I can’t remember if I trembled when they asked.
I’m pretty sure I did. The request arrived in an e-mail but would’ve been cooler if it came via telegraph.
Coming to your town for five days –(STOP)-
Can we stay with you –(STOP)-
Or at least share one good Italian meal
I cupped my hand beneath my mouth to catch the excuses as they flowed.
- Wait! Big Girl (our oldest daughter and their missionary nanny for three months) will be back at college by then.
- Tony Bear and I’re playing in a softball tournament that weekend.
- There’s no way we have enough room. Folks will have to sleep on the sofa and the floor.
- The wife-mommy intimidates me. Because she’s a food blogger.
- And what if she’s also a white-gloved dust inspector? The house hasn’t been cleaned, really spiffed up, in so long.
And yet, how could I say no?
Big Girl had lived with them a quarter of a year, in a compact casa in Honduras. They shared their every meal, their children, and their vision with her. I couldn’t say no. But I wanted to, was ashamed I considered it.

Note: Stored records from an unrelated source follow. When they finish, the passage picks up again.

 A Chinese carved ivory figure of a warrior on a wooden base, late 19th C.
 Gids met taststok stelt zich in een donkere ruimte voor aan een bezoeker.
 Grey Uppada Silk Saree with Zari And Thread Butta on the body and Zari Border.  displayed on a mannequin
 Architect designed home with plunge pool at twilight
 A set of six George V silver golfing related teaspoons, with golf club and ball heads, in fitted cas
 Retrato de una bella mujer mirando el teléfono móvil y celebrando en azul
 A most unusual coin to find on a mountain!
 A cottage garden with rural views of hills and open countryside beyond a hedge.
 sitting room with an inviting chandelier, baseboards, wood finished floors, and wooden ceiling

I tried to say, “Mi casa es tu casa,” but I couldn’t get my Scandinavian- Celtic-British lips around the words, much less the concept. The only way I can achieve a really good Spanish accent is to mimic the Verizon recording: “Para Espanol, marque el dos.”
Where did they go—my gift of hospitality, my spirit of generosity?
I grew up. Little Me (“Wanna figure out how many licks it takes to get to the center of a Tootsie Roll Lollipop? Here, you go first.”) was cannibalized by Grown-up Me (“Me, my, mine. That’s all I have time for.”).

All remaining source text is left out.